Pound sterling is a key barometer of Brexit uncertainty

PoundsTCThe BoE, Fed, and other global central banks have all but reached the limits of their policy playbooks

Ann-Katrin Petersen, investment strategist at Allianz Global Investor | Investors and companies still need to prepare for a wide range of scenarios: Orderly Brexit on the terms specified in the current withdrawal deal? Cross-party support for an alternative option? Further Art. 50 extension due to snap elections, a second referendum (or both…)? A disorderly “no deal” crash-out?

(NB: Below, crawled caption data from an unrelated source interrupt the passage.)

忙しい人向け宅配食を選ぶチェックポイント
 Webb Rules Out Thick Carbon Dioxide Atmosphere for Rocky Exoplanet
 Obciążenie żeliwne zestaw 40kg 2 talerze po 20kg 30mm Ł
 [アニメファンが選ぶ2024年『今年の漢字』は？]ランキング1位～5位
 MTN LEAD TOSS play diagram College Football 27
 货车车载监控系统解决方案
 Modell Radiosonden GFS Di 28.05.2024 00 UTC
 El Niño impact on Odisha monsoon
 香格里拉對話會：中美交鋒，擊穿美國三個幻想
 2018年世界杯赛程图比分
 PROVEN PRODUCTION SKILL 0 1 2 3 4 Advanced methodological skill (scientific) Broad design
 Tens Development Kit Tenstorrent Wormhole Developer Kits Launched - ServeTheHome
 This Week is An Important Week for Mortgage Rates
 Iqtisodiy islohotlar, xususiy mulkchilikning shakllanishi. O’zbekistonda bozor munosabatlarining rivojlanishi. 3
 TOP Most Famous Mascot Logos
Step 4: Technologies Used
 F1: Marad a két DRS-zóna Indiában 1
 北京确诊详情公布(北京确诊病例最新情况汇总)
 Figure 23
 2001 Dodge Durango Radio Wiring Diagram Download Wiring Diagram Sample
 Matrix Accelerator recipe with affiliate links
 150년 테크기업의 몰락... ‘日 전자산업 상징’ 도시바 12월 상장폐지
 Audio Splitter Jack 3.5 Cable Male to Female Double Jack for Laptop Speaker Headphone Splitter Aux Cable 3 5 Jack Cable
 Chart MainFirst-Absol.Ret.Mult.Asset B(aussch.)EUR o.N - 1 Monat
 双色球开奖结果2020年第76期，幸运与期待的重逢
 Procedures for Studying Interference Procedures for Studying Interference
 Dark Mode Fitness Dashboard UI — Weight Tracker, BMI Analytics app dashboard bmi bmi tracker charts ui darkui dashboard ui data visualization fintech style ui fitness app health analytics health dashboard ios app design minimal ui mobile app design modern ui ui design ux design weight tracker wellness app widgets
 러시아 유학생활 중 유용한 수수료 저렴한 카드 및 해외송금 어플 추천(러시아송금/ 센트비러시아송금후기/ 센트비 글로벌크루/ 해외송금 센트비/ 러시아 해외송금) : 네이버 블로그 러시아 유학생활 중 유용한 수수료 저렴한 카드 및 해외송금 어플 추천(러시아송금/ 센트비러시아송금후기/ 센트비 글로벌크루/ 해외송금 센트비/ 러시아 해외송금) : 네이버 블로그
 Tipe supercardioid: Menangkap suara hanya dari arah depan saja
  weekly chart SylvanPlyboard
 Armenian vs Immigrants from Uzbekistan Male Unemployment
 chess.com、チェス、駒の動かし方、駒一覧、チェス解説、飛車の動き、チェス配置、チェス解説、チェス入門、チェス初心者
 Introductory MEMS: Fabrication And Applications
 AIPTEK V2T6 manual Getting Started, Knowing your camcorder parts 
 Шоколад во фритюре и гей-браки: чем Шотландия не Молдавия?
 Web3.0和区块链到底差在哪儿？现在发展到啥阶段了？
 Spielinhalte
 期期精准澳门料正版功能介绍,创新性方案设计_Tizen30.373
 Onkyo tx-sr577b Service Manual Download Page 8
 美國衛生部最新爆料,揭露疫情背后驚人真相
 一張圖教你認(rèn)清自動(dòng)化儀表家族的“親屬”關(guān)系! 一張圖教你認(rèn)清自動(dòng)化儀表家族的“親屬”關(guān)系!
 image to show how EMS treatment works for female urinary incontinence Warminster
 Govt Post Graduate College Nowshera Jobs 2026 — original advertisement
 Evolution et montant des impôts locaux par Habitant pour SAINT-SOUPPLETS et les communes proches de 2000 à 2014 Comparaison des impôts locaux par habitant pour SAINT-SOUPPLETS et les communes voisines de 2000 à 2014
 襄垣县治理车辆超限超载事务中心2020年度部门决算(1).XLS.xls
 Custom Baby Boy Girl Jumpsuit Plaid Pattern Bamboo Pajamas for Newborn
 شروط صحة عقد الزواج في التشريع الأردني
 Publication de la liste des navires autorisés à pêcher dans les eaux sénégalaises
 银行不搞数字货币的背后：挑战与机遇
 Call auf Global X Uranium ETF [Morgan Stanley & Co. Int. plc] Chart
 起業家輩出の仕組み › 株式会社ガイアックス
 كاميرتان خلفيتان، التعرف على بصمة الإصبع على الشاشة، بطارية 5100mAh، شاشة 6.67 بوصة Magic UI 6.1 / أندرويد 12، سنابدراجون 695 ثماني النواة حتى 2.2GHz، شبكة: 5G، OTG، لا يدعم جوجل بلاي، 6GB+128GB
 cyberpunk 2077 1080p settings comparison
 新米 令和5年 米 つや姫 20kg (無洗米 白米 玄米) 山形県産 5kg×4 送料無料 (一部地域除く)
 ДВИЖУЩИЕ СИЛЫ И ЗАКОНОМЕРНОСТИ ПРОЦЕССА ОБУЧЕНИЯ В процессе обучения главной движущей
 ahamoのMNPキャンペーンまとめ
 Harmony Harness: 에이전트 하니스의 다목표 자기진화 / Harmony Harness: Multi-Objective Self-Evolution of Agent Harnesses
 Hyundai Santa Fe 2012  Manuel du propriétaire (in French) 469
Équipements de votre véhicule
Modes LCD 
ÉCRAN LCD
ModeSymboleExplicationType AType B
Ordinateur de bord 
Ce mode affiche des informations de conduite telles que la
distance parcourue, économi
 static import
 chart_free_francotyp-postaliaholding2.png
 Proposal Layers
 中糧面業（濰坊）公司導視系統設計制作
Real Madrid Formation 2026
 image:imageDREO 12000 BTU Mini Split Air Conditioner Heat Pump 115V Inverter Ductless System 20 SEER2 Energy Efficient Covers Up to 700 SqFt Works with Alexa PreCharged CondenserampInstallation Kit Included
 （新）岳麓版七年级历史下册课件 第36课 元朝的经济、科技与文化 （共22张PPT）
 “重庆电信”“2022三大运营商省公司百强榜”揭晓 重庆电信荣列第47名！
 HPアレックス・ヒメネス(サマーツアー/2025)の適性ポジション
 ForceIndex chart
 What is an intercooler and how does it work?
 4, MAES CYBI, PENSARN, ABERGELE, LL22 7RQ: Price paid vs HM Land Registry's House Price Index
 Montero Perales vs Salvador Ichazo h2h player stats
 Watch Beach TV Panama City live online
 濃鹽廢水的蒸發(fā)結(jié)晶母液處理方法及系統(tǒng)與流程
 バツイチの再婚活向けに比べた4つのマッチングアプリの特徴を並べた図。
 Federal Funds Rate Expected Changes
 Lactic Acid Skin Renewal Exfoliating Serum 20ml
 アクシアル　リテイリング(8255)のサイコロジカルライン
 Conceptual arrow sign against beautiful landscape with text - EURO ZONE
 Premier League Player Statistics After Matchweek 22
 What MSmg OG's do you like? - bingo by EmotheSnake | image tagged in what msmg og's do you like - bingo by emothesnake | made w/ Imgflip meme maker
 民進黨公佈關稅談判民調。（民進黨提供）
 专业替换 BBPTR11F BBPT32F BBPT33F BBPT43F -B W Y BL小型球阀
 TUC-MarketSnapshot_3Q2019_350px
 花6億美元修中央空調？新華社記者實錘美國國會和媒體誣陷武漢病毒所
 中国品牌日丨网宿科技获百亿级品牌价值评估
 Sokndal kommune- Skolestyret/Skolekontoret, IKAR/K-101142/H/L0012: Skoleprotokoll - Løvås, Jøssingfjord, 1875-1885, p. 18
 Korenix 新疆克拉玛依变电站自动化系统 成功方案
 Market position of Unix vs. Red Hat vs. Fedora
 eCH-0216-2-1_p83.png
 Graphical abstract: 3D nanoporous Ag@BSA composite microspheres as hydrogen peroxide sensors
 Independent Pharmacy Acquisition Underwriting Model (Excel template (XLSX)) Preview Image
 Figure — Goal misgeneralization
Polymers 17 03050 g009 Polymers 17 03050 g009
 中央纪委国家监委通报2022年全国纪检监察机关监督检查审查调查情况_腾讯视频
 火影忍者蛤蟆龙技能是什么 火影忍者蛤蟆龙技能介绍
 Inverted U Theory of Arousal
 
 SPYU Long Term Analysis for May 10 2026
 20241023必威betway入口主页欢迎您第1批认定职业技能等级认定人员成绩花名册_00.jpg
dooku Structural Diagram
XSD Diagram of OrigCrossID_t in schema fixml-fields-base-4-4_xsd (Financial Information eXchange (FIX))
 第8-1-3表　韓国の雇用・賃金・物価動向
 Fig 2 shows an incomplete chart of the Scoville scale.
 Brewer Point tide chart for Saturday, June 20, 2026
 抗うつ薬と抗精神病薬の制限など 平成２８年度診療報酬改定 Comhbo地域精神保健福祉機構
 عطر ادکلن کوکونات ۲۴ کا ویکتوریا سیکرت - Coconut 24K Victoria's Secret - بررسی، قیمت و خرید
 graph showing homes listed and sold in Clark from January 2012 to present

Tension between a new UK government committed to the default outcome of leaving the EU without a deal on 31 October and a parliament that still looks staunchly opposed to a no-deal crash out has continued to build. Over summer, the speculation therefore seems to have ripened that a political process – probably a general election, perhaps a second referendum – seems to be the only way out of the political impasse when UK Parliament reconvenes on 3 September after its summer recess and a deal is not agreed, provided new PM Boris Johnson doesn’t dare to venture into the unknown terrain of a prorogation of parliament.

The pound sterling is a key barometer of Brexit uncertainty: the more uncertain the UK political environment, the weaker the GBP, and vice versa. A structural appreciation of GBP, which we deem to be undervalued, necessitates more clarity and a benign decision in the Brexit discussion.